**What to work on:** Verbatim copy, images omitted: return the full listing.

**Available data:**

_ _ _ _ _ _ _

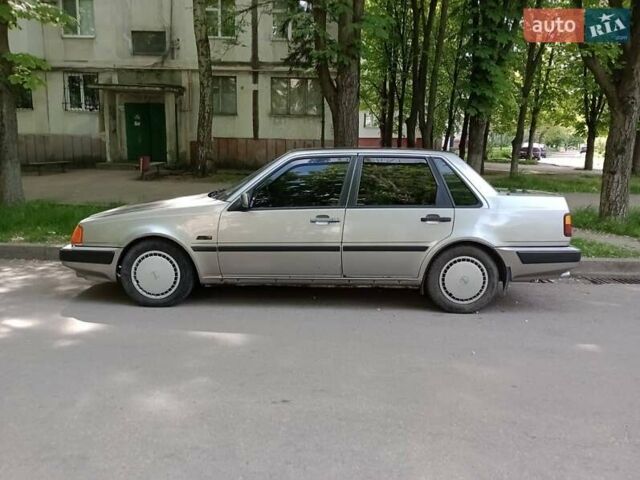 Серый Вольво 460, объемом двигателя 2 л и пробегом 514 тыс. км за 1100 $, фото 1 на Automoto.ua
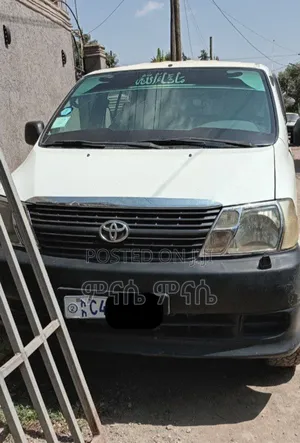 Toyota HiAce 2007 White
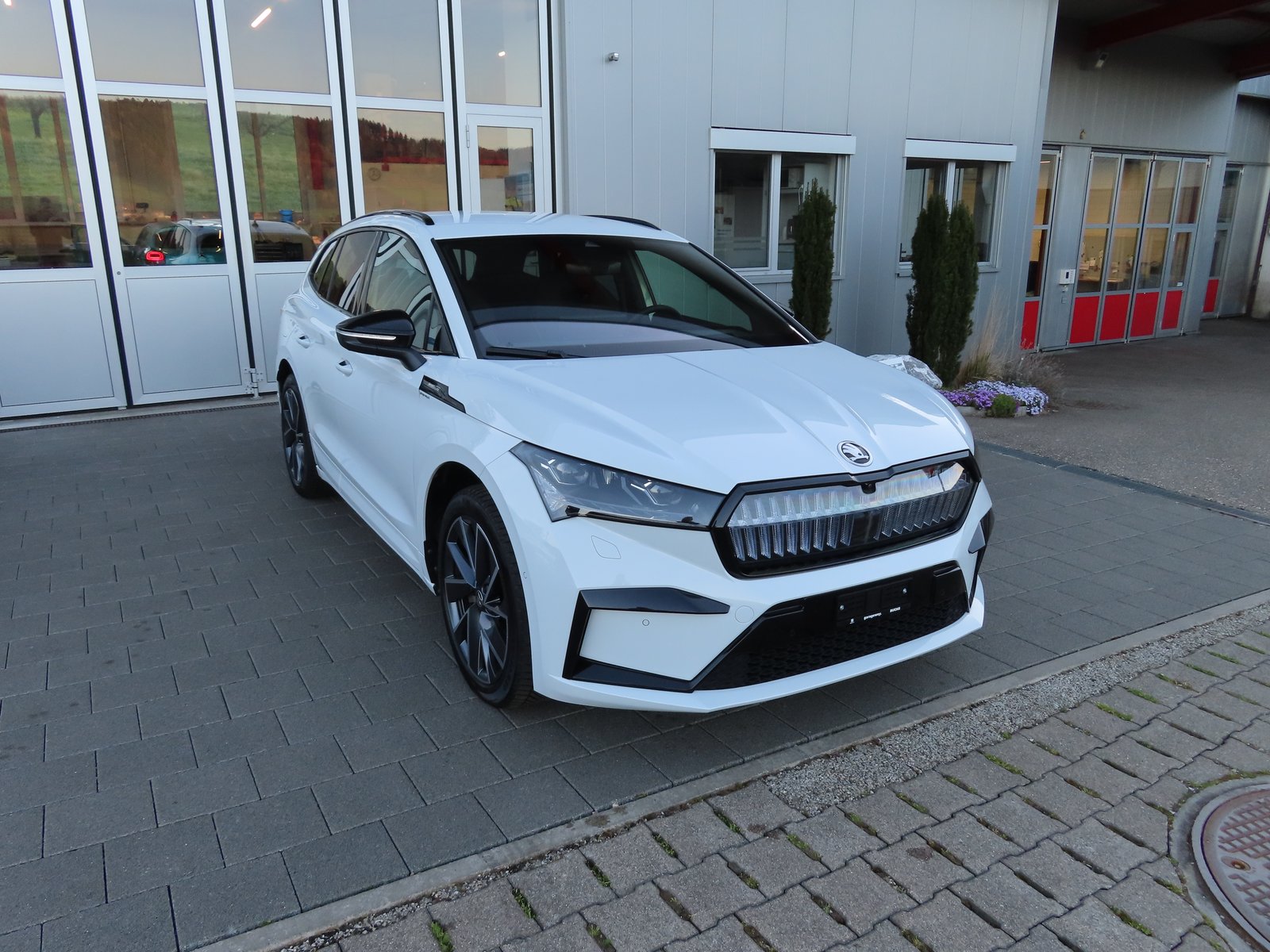 SKODA Enyaq 85x Sportline 4x4, Elektro, Occasion / Gebraucht, Automatik - 5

_ _ _ _ _ _ _

**Reply:**
 Серый Вольво 460, объемом двигателя 2 л и пробегом 514 тыс. км за 1100 $, фото 1 на Automoto.ua
 Toyota HiAce 2007 White
 SKODA Enyaq 85x Sportline 4x4, Elektro, Occasion / Gebraucht, Automatik - 5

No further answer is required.